1 Introduction

Virtual Humans are embodied agents, existing in virtual environments, that look, act and interact with humans in a natural way. The incorporation of Virtual Humans (VHs) in Ambient Intelligence (AmI) environments can enhance the social aspects of interaction, offering natural anthropocentric communication [1]. In this context, Intelligent Conversational Agents (ICAs) enable the interaction of the VHs with humans, and can be combined with end-user development (EUD), to author and define the behavior of the agents, as well as the AmI environments [2]. In the context of EUD, providing users with intelligent tools that support authoring and creative processes is important [3], as user-generated content sharing has become a cultural phenomenon and interactive storytelling crafts are the focus of increasing interest [4].

Storytelling and VHs, as well as game-like interfaces, have been introduced to replace or supplement GUIs [4]. Our focus, however, does not lie on how these stories are created, but on how to enact them, through the VHs; that is, on story telling rather than story creation. Storytelling traditionally relies on a predefined plot, concerning facts and occurrences, and involves presentation means such as speech, poses, and gestures of the narrator, in our case the VH, as well as representations of narration; that means textual as well as visual aids (e.g. pictures, videos, presentations, etc.) [4].

Storytelling is usually based on a script, the “screenplay”, a term also used in filmmaking. In “The Screenwriter’s Workbook” [5], screenwriter Syd Field defines a screenplay as a story told in words and pictures, so that in addition to reading the dialogue, the reader of a screenplay can read what the camera sees [6]. In our case, the readers are the VHs, who “read” the script, and act appropriately. We thus adapt the concept of screenplay to a conversation between VHs, who coordinate in order to enact a story. According to [7], a conversation is an interactive dialogue between two agents, which in our case are the VHs. In CasandRA, the conversation flow between the VHs is encoded in scripts, dictating their behavior (i.e. actions, movements, etc.).
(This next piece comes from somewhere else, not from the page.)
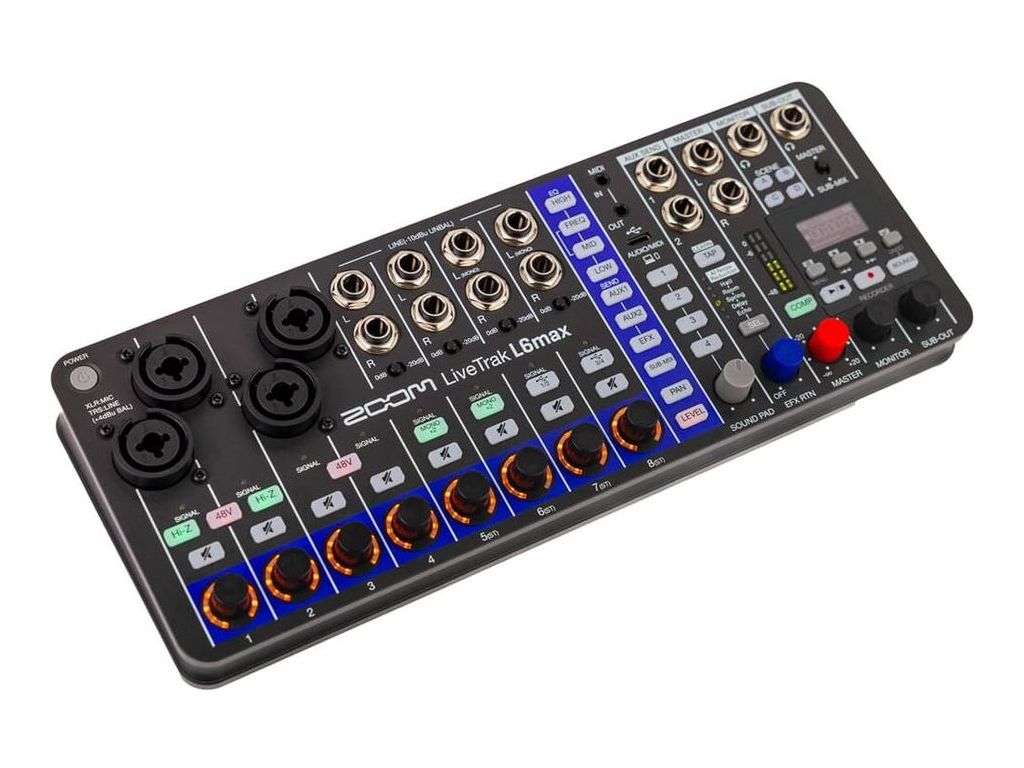 Zoom LiveTrak L6max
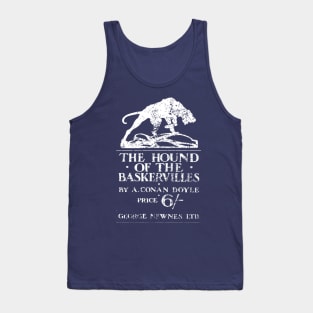 Distressed Hound White Tank Top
In this paper we present CasandRA, a framework that enables real-time user interaction with ICAs, in the form of VHs, in Augmented Reality (AR), within AmI environments. These VHs can provide help and information, as well as act as storytellers. Moreover, they allow users to use natural voice-based interaction to get information, as well as configure and manipulate various smart artifacts of the AmI environment. Our novelty lies in the communication protocol between the VHs, which dictates their behavior and intelligence. This protocol does not limit itself to speech, but also posture, movement, facial animation, etc., as well as the sharing of content with the users (images, video, presentation etc.). One VH (the narrator) is responsible for coordinating both itself and all the other VHs (demonstrators), who may be acting in the same or different devices. This protocol allows real-time interaction and is based on a dynamic script, which resembles a screenplay. The usage of this scripting technique facilitates the scalability and reusability of the script. Each script consists of sections which get selected for execution dynamically during run-time, depending on the interaction with the user.

2 Related Work

Several studies highlight the advantages of VHs, as they can elicit better results with regard to social presence, engagement and performance. In [8, 9] users favored interacting with an agent capable of natural conversational behaviors (e.g., gesture, gaze, turn-taking) rather than an interaction without these features. Moreover, research in [10] demonstrated that an embodied agent with locomotion and gestures can positively affect users’ sense of engagement, social richness, and social presence. Finally, with respect to engagement, participants in [11] could better recall stories of robotic agents when the agent looked at them more during a storytelling scenario.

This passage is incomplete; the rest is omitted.